** EXTRACTED DATA **
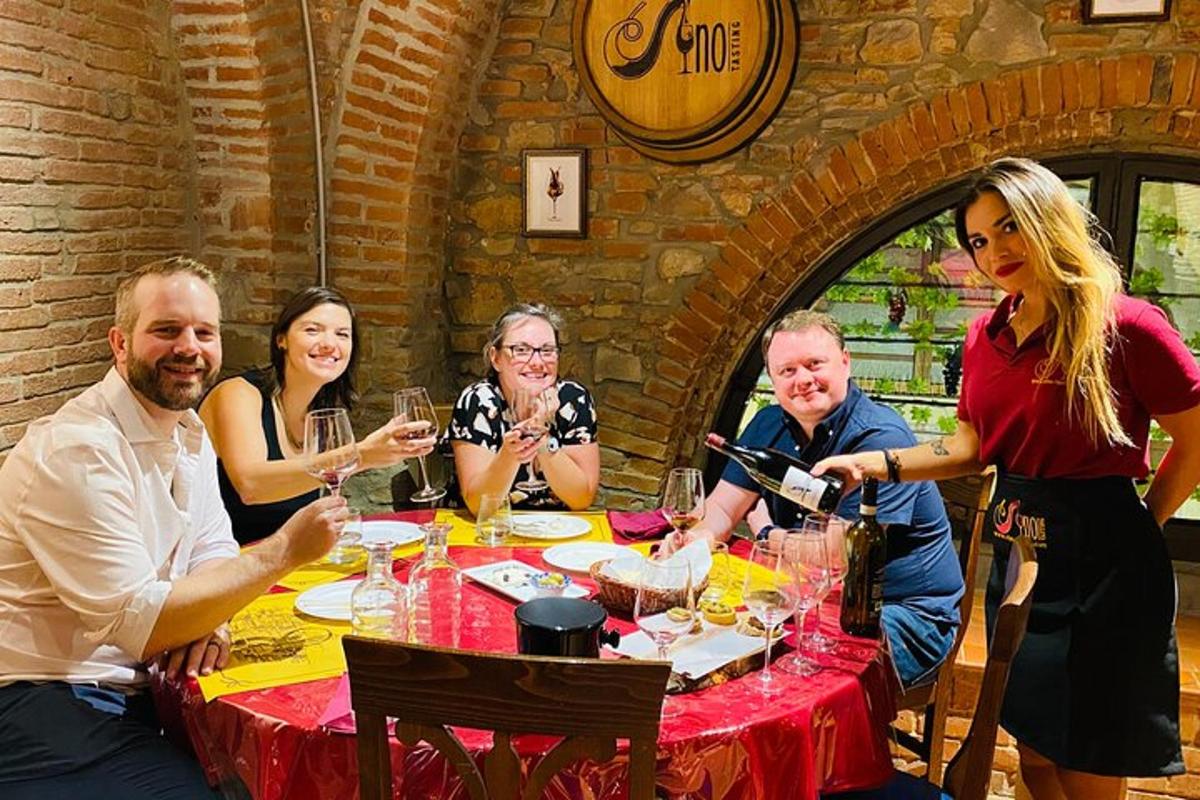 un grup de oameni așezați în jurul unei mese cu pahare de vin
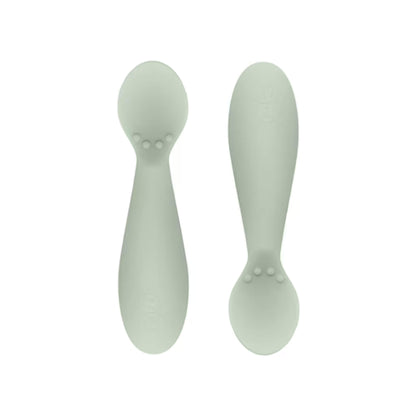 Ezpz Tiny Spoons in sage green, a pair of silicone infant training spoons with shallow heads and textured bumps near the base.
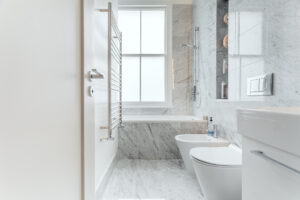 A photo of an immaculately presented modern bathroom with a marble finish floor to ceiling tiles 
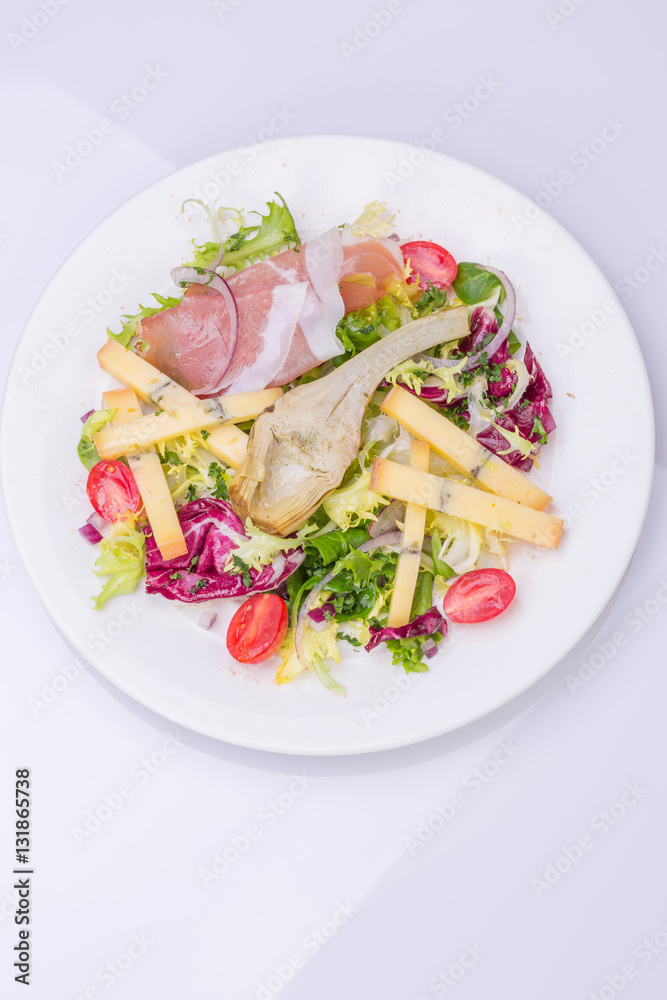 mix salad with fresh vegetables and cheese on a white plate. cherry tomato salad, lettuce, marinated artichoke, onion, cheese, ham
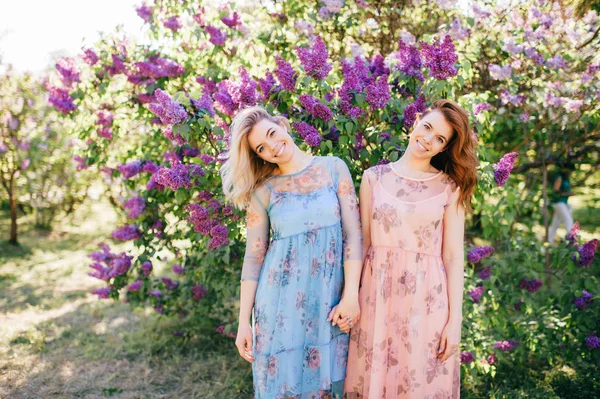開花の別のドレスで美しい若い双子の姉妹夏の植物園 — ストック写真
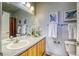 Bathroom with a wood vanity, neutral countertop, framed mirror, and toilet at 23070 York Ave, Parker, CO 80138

==

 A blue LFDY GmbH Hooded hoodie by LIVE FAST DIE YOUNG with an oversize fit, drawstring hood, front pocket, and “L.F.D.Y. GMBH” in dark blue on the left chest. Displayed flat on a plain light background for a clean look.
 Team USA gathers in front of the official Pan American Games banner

** EXERCISE PROMPT **
Reply with nothing but the number of lines in the data that include the word "front".

** ANSWER TO THE EXERCISE **
2